Regarding treatment, metronidazole and vancomycin show equivalent efficacy for mild to moderate disease. The disadvantage of metronidazole for this group of patients, is the interaction with sacrolimus or tacrolimus, so the levels of them should be monitored. Fidaxomicin has been evaluated in patients with no or 1 prior episode of CDI, but there is no data for SOT recipients. There is still insufficient evidence to support the use of intravenous immunoglobulin , probiotics or toxin binding resins for the treatment of initial or recurrent CDI [7,40]. Surgical intervention should be considered for complicated CDI.
CDI in Orthopaedic Surgery
In orthopaedic surgery CDI is linked with total joint arthroplasty as well as with fracture repair and spine surgery [8,41-45].
The incidence of CDI in this group of patients ranges from 0.11% to 7.1%, with highest incidence recorded in hip fractures and low incidence recorded in spine surgery [41,42,44,45].
Risk factors for CDI include advanced age, more than 2 antibiotics preoperatively, prolonged antibiotic use in the postoperative period, multiple medical comorbidities, lumbar fusion revision, urban hospitals, revision arthroplasty, and surgery>24 hours after admission [8,43-45].
There is an overall 36.4 fold increase in mortality in patients acquiring postoperative C. difficile infection compared with those without infection [44].
Clinical course and treatment are similar to the other groups of surgical patients.
CDI in Vascular and Cardiac Surgery
There are very few studies concerning CDI in vascular and cardiac surgery.
The incidence of infection in cardiac surgery seems to be low, ranges from 0.75% to 1.09% [46,47] whereas in aortic surgery the incidence of CDI comes up to 8.4% [48].
Regarding cardiac surgery, advancing age, longer preoperative length of stay, female sex, blood products transfusion, large hospital, multiple comorbidities, female gender and increasing cumulative days of antibiotic administration, are associated with high risk of acquiring CDI [46,47]. Prolonged prophylactic cephalosporin administration in vascular surgery is also associated with CDI [48].

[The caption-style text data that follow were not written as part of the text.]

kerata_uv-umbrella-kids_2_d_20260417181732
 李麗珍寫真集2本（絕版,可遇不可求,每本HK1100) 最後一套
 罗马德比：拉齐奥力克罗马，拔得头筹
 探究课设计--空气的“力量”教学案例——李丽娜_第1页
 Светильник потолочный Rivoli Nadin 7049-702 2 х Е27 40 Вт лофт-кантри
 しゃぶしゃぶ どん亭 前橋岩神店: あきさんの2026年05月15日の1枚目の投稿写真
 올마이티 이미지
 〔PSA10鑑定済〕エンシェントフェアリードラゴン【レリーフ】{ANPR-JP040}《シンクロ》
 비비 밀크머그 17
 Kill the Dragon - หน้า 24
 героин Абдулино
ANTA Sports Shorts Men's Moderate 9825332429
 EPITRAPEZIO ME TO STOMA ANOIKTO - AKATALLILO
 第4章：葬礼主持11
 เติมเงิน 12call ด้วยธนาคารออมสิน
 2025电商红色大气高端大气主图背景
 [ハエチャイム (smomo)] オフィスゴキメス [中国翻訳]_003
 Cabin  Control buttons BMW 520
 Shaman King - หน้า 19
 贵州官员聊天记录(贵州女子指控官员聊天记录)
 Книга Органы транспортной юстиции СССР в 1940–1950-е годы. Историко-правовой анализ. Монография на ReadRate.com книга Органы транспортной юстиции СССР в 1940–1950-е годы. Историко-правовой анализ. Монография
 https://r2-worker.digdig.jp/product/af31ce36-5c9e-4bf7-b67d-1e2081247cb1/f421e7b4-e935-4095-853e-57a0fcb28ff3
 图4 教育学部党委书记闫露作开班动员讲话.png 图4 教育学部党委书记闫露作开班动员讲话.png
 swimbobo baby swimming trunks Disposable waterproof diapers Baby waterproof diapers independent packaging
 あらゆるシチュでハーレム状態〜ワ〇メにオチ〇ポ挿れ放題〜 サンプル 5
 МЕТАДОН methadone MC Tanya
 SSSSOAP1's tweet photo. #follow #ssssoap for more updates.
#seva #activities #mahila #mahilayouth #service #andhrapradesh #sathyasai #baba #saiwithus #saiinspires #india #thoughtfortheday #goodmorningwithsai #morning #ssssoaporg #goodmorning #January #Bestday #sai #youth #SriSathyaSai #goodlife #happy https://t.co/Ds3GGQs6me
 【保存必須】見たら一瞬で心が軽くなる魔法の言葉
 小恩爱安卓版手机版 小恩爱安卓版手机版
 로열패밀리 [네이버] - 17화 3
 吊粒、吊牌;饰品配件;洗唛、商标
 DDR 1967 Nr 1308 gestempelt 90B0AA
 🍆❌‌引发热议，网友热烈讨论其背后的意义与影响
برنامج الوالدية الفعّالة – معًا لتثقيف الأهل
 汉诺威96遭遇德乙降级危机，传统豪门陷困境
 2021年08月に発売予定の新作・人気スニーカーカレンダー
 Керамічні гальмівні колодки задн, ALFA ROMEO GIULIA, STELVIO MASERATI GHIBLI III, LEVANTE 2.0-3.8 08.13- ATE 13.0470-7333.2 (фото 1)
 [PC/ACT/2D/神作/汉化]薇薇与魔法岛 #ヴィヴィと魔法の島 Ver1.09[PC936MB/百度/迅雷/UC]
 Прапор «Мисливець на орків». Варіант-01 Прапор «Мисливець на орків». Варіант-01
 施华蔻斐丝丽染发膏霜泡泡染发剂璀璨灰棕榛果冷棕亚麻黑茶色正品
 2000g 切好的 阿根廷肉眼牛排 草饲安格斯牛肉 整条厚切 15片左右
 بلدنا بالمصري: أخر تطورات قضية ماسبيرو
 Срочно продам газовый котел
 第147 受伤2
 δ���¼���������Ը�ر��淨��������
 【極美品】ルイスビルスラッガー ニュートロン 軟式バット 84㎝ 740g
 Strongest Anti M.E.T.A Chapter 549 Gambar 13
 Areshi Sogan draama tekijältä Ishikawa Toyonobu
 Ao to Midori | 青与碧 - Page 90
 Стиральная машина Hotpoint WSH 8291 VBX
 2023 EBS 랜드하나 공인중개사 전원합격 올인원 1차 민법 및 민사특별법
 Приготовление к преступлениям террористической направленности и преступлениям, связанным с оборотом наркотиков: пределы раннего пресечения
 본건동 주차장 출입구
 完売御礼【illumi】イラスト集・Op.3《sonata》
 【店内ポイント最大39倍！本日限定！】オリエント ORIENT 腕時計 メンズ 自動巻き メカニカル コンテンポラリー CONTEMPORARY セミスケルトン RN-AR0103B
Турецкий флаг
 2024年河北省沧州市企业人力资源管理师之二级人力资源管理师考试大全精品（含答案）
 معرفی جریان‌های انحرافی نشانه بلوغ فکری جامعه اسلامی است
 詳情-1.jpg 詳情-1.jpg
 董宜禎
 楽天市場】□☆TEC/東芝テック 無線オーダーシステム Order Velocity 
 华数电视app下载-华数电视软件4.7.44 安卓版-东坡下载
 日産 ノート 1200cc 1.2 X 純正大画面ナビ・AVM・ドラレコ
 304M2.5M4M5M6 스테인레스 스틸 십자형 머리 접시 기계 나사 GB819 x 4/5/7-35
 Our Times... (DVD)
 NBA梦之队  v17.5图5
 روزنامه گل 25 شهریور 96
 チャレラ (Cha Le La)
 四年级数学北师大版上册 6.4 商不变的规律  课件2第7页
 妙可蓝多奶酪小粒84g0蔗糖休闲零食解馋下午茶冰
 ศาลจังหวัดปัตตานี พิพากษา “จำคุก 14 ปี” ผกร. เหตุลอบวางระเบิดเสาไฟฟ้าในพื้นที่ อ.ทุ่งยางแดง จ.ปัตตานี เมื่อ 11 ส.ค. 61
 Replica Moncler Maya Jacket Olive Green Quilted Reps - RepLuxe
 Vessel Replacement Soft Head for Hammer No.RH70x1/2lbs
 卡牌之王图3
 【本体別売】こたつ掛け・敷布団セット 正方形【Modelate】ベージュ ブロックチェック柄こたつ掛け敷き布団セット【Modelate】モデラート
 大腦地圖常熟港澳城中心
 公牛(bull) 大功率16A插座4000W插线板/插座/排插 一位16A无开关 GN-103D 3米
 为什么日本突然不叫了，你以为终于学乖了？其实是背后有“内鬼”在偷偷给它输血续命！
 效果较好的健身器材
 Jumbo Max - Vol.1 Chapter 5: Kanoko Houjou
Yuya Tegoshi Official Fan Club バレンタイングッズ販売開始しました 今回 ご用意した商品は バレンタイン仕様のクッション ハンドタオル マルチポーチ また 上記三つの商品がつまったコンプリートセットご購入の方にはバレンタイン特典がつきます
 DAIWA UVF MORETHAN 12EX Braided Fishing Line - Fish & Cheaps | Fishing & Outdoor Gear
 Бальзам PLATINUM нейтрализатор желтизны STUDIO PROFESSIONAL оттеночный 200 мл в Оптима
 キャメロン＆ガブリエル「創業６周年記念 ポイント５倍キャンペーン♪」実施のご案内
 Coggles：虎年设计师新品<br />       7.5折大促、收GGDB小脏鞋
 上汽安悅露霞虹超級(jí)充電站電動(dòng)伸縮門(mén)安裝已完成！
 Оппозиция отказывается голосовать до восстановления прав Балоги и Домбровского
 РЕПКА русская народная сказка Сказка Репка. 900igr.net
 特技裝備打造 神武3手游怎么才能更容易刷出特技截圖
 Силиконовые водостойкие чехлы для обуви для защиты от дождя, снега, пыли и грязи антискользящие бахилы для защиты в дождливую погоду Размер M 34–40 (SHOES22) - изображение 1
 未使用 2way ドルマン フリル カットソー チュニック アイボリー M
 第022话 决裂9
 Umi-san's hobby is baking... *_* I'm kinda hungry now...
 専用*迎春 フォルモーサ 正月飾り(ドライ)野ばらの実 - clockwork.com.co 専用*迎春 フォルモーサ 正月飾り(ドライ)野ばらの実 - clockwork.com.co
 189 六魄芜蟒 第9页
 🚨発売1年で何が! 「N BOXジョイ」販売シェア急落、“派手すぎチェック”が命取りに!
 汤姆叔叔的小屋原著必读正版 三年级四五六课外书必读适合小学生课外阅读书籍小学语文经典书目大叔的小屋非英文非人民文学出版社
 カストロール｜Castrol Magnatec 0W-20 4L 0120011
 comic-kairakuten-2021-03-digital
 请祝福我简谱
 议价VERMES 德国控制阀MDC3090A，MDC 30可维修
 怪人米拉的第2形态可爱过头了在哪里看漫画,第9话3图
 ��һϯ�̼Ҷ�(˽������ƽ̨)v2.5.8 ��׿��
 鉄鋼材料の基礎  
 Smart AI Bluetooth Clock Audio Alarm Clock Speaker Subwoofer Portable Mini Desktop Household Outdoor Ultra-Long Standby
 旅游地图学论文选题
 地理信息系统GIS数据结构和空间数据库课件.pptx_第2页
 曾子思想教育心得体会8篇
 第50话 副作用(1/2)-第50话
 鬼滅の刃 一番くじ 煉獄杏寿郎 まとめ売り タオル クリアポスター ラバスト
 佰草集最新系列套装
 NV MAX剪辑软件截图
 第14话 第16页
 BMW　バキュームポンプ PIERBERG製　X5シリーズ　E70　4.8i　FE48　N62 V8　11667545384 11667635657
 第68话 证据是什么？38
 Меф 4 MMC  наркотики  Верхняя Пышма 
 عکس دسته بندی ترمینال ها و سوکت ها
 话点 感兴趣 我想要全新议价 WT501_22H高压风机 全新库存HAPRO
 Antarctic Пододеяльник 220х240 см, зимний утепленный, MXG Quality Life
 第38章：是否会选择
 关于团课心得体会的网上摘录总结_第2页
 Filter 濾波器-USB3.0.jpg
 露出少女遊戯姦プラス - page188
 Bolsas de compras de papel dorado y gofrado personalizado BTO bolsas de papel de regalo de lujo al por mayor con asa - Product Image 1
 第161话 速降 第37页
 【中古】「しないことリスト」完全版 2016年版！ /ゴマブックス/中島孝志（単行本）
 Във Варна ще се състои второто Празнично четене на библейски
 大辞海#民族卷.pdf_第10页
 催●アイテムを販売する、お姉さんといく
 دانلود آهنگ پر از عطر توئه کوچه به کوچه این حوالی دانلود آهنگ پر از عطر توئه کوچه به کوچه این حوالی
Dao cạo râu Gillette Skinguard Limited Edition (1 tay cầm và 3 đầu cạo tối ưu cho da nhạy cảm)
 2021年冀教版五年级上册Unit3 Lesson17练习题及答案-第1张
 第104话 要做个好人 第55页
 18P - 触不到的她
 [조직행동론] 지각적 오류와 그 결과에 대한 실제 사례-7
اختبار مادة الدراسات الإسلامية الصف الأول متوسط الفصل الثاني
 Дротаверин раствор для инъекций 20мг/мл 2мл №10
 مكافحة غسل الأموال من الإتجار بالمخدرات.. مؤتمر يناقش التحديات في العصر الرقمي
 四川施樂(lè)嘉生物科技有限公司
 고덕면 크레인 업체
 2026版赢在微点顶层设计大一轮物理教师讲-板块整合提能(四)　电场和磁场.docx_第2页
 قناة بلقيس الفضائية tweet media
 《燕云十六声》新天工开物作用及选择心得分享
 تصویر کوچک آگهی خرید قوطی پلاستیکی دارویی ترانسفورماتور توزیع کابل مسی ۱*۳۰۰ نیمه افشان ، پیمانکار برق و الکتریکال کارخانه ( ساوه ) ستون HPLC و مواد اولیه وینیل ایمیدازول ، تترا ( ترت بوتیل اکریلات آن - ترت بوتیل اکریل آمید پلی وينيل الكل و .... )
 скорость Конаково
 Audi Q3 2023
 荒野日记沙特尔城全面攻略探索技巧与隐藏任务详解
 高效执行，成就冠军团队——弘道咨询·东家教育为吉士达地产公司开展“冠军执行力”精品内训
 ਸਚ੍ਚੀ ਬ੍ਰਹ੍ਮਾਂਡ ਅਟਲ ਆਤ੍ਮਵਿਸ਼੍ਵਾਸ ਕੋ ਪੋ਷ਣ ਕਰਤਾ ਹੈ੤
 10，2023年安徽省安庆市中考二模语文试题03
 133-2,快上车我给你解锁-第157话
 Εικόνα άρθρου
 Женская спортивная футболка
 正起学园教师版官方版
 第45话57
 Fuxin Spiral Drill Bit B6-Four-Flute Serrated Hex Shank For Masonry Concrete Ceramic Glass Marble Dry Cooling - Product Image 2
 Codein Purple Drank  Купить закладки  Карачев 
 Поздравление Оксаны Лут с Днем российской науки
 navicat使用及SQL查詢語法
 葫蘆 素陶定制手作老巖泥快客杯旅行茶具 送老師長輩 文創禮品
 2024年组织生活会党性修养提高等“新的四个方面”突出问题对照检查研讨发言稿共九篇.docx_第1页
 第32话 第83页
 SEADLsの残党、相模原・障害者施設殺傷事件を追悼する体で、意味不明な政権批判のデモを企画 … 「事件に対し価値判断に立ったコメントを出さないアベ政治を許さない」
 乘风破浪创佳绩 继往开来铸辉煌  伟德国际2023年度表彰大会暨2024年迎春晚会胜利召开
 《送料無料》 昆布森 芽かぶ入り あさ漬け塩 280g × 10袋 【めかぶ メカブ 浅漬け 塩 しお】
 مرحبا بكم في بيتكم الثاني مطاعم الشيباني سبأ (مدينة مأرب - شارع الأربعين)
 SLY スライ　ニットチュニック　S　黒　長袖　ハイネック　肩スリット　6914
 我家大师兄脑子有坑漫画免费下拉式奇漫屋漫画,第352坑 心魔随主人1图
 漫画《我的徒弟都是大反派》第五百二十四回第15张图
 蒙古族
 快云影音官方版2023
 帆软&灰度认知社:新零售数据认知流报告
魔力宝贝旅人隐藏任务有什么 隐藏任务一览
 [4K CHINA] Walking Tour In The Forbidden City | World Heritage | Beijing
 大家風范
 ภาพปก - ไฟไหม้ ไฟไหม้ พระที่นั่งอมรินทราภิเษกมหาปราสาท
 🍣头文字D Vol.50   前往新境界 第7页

In cardiac surgery, mortality for CDI patients was 12% vs 7.2% for controls and the consequence of the infection are also longer median (nearly double) hospital stay and greater median hospital charges [46].
In a cohort study consisting of patients undergoing open abdominal vascular surgery, evaluation of infectious complications after surgery showed that the highest 30-day mortality rates after discharge (30%) were found after CDI with sepsis [49].
Conclusion
CDI has grown into an increasingly prevalent infection. The high mortality and costs associated with postsurgical CDI indicate the necessity of prompt identification of high risk patients so that rapid diagnosis and timely treatment being applied. Implementation of measures such as reduction of preoperative hospital stay, restrictions of broad spectrum antibiotics and strict policy of surgical chemoprophylaxis, may contribute to further reduction of this infectious disease.